The Danish Health and Medicines Authority has granted general reimbursement to Almirall's Eklira Genuair (aclidinium 322µg twice-daily), as a maintenance treatment of chronic obstructive pulmonary disease (COPD) in adult patients, following a positive recommendation by the Danish Reimbursement Committee and the marketing approval from the European Commission. Forthcoming launches are expected in the UK and Germany, which, together with the Nordic countries, account for almost half of the European COPD market.

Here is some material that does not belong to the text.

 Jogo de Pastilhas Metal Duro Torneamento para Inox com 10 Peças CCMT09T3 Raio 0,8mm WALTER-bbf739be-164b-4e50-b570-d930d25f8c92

Clinical efficacy studies showed that aclidinium provides significant and sustained bronchodilation and symptoms control from the first dose. These benefits were evident within 30 minutes of the first dose. It also reduced moderate and severe exacerbations by approximately 30 per cent. In pivotal studies, patients treated with aclidinium needed less rescue medication than patients treated with placebo (p=0.005). It also improved COPD symptoms such as dyspnoea, cough and sputum production.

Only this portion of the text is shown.